The series begins with a story from Anna Sian who works at Spotify as Head of Marketing in their podcasts division.

 

She’s been a steady presence in New York City having previously worked at Staple and VSCO. Read on for her account of how she got here.

Anna Sian

— 34, New York —

Standing in the total darkness of the tiny bathroom in our East Village apartment except for a single amber light, I watched attentively as my dad ran a sheet of paper through a sequence of tray baths, explaining how I could use this process to develop my own photos. Later this week I wanted to further develop my latest song and there was also a poetry slam to prepare for.

 

Growing up in New York City was to be in the center of overlapping experimental artistry. My parents were architects and artists and they showed me the many possible avenues I could explore. 

 

Even more than my nuclear family, the city cultivated the creative spark I’ve always felt. I saw what creative expression meant for individual New Yorkers, and in a big picture way what that meant for New York as a whole—and I wanted to be a part of it.

 

Like a sponge, I soaked up the influences around me and like coral I grew linked to the city’s extended reef of arts, creativity, and expression.

 

I love people. I love meeting new people and hearing the stories of other creative people. I pushed forward, following my various passions while remaining open to experimentation, and found ways to create that enabled me to understand other people better and inspire them to do things.

 

Even when people have diverse backgrounds, languages, and ethnicities, what we create and share serves as a unifying bond. That helps me make sense of the connections I cultivate—if we can connect over what we create, we can better understand how to add value to our lives.

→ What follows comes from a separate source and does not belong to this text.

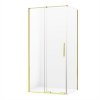 NEW TRENDY kabina prysznicowa narożna prostokątna Smart Light Gold złota 130x100 cm EXK-4245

“Marketing is often thought of as making hard sells, the carnival barker with the flashiest banner or the biggest button, but marketing done well meaningfully contributes to a community.”

Working at Staple, I was producing collaborative projects and it clicked for me that marketing is a powerful tool for creating community. My love for people and appreciating them has made me empathetic, which is what makes a good marketer.

 

I put myself in someone’s shoes and consider their likes, motivations, and interests. I think outside of myself. To me, my role is not about selling a product, but about understanding what the experience is on the other side.

 

Knowing that collaboration creates more meaning for disparate audiences has been a foundation for my work. Collaboration doesn’t mean just having established voices talking to each other, but finding ways to serve communities and boost all creators.

 

One of my favorite projects is VSCO Open Studio, which allows photographers to use the VSCO photo studio for their personal projects. I’ve done something similar at Anchor in forming a podcast lab for our creator community.

 

This is what I enjoy most about the marketing I’ve done for the past ten years. I take an idea that is a way to serve the community and build that out into as many different possibilities, using products as a part of enabling that.

 

I’ve seen and experienced firsthand the halo effects of many different creative people. When you’re doing something right and can amplify your voice, you inspire other people to become creators in their own ways. I give people the tools to build their own halo effects around them.

“I love people. I love meeting new people and hearing the stories of other creative people. I pushed forward, following my various passions while remaining open to experimentation, and found ways to create that enabled me to understand other people better and inspire them to do things.”